Quitting smoking altogether is the best thing you and your partner can do. Smoking cigarettes can reduce fertility in both men and women, and may mean it takes longer to get pregnant. If you do conceive and carry on, a smoke-filled environment increases the risk of more serious complications for you and your baby with issues like maternal deep vein thrombosis, miscarriage and foetal abnormalities. Young babies also have a higher risk of sudden infant death syndrome.

Our quit smoking organisation www.smokefreelifeoxfordshire.co.uk has been taking its wellness on wheels vans across the county for pop-up smoking cessation clinics. People have been getting free NRT therapies to get them on the road to a smoke-free future. You can sign up for an appointment for face-to-face or telephone support by visiting the website.


Alcohol crosses the placenta and while there is no known safe level to drink during pregnancy, it is known the more you drink the bigger the risks – including increasing the chances of your baby having learning difficulties. For alcohol and drugs advice turn to www.wellbeing.turning-point.co.uk/oxfordshire

It has hubs in Oxford, Witney, Banbury and Didcot which offer warm welcomes to all service users, family and friends. It has dedicated recovery workers, support and aftercare, harm reduction, peer mentoring, and even activities and trips.


Maternal obesity increases the risk of obesity and diabetes in offspring and increases the risk of miscarriage, stillbirth, metabolic and developmental abnormalities in the foetus; as well as gestational diabetes and complications in pregnancy and birth. Obesity can also reduce male and female fertility. A study by the babies’ research charity Tommy’s showed that, compared with normal-weight women, overweight and obese women were much more likely to have depression both during and after pregnancy. They were also more likely to suffer from anxiety during pregnancy.

If you need help shifting the pounds, there’s a host of info and practical advice from www.achieveoxfordshire.co.ukwww.oxspa.co.uk, and for male footie fans who want to get back in action on the pitch, there’s the popular FA-endorsed Man v Fat leagues in Oxford, Bicester and Banbury (www.manvfat.com)

Mental health

Being mentally well in pregnancy is just as important as your physical health. General ways individuals can improve their mental health include the five ways to wellbeing; Be active, connect with friends and family, keep learning, give to others, be mindful of your thoughts and feelings.

If you feel you need support, contact the friendly and helpful team at Oxfordshire Mind (www.oxfordshiremind.org.uk)

Planning ahead

Folic acid: Ideally, this should be taken two to three months before conception to protect against problems with the baby’s brain and spinal cord.

Contraception: Some methods can affect fertility for some time after stopping. If you are thinking about planning a family, talk to your GP for more advice.
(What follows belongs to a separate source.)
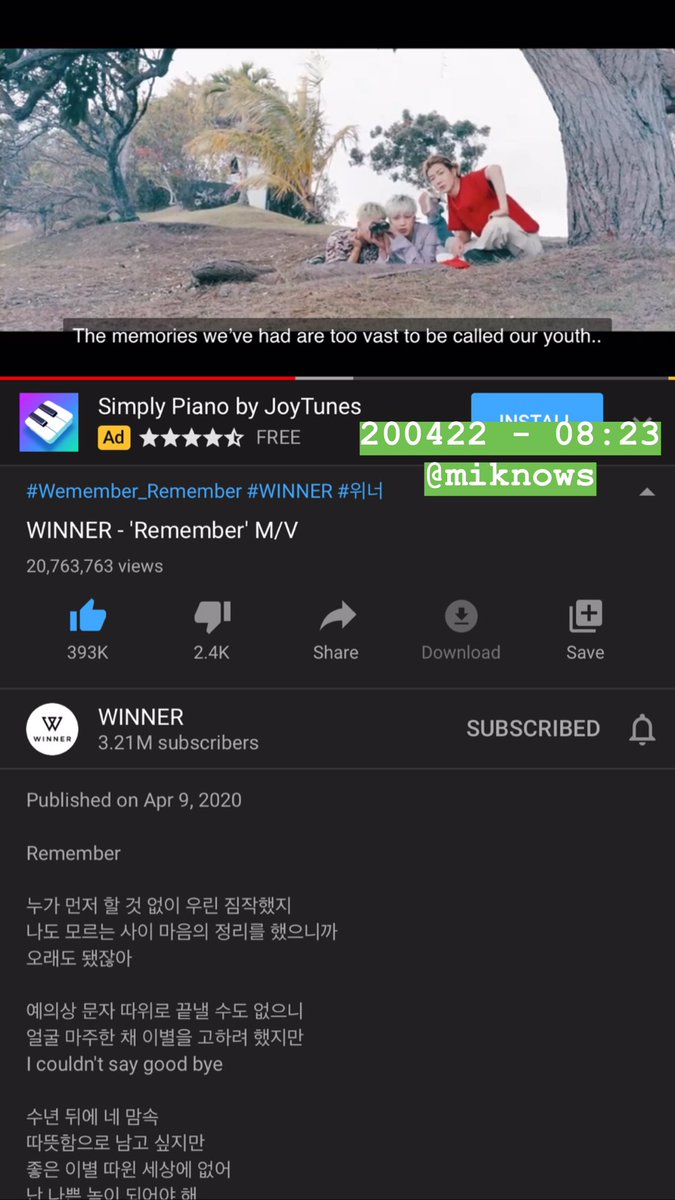 april 22, 2020 - 08:23 #REMEMBERWINNER  #위너_오늘발매_잊지말고_리멤버  #WINNER  #위너  @yginnercircle  @yg_winnercity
Health: If you have any pre-existing medical issues, especially if you are on medication, speak to your GP before trying to conceive

As part of the ‘Getting Fit For A Family’ campaign, the Public Health team has published a handy leaflet to ensure both mums and dads-to-be are in tip-top condition.
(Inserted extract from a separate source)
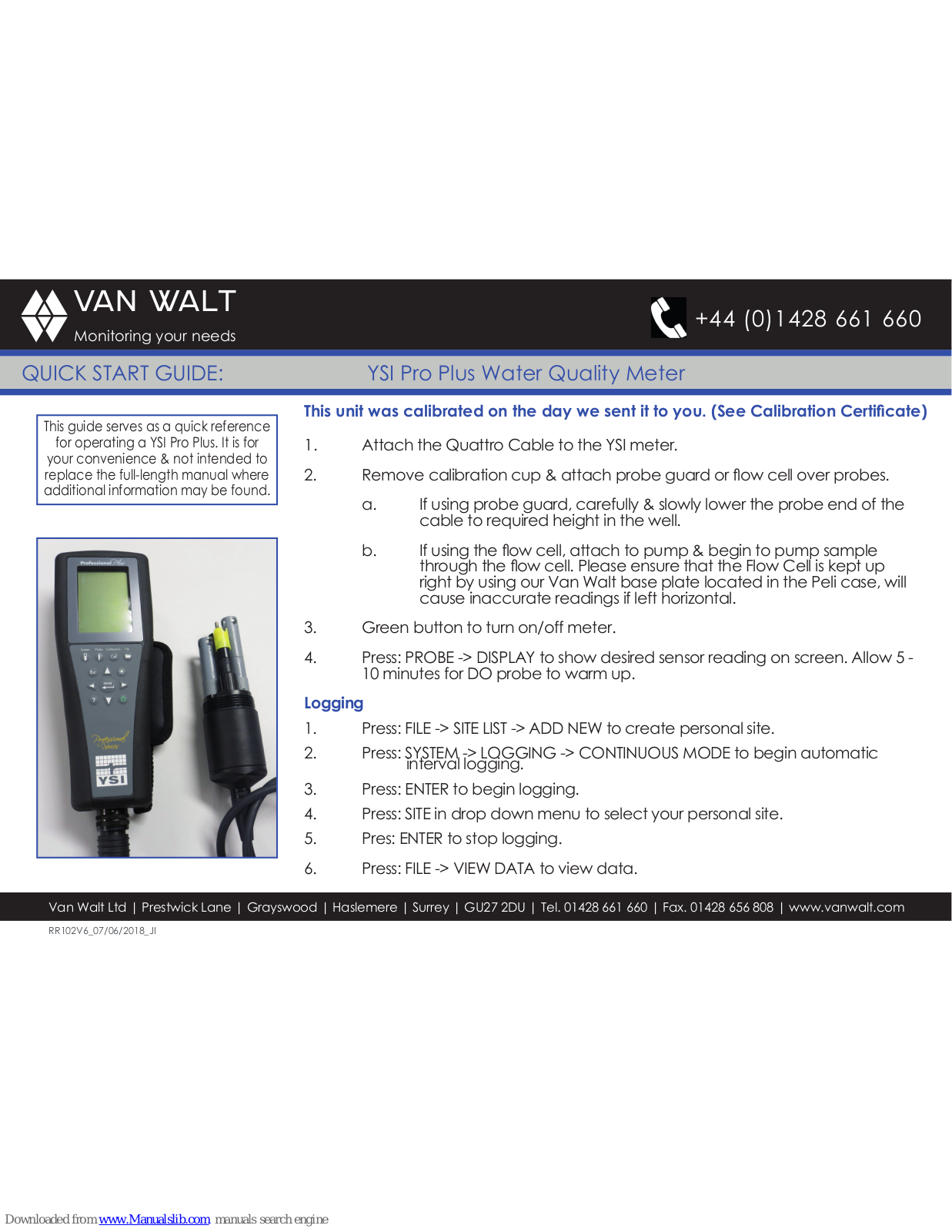 Van Walt YSI Pro Plus Quick Start Manual - ManualMachine.com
The leaflet, which is available from GP surgeries and sexual health clinics through to health visitors and maternity services, details many of the county council-commissioned services and partner organisations which offer support and keep Oxfordshire thriving.

Donna Husband, Head of Commissioning Health Improvement at Oxfordshire County Council’s Public Health department, said: “There is a lot of information for women about pre-conception and pregnancy, however there isn’t much for men.

“We want to speak to people planning a pregnancy about their health when trying to conceive as it doesn’t just have a short-term effect on the baby but can have lifelong effects on your children.

“For example, there are 2,200 premature births and 5,000 miscarriages caused by smoking every year in the UK - smoking can also cause fertility problems in men.”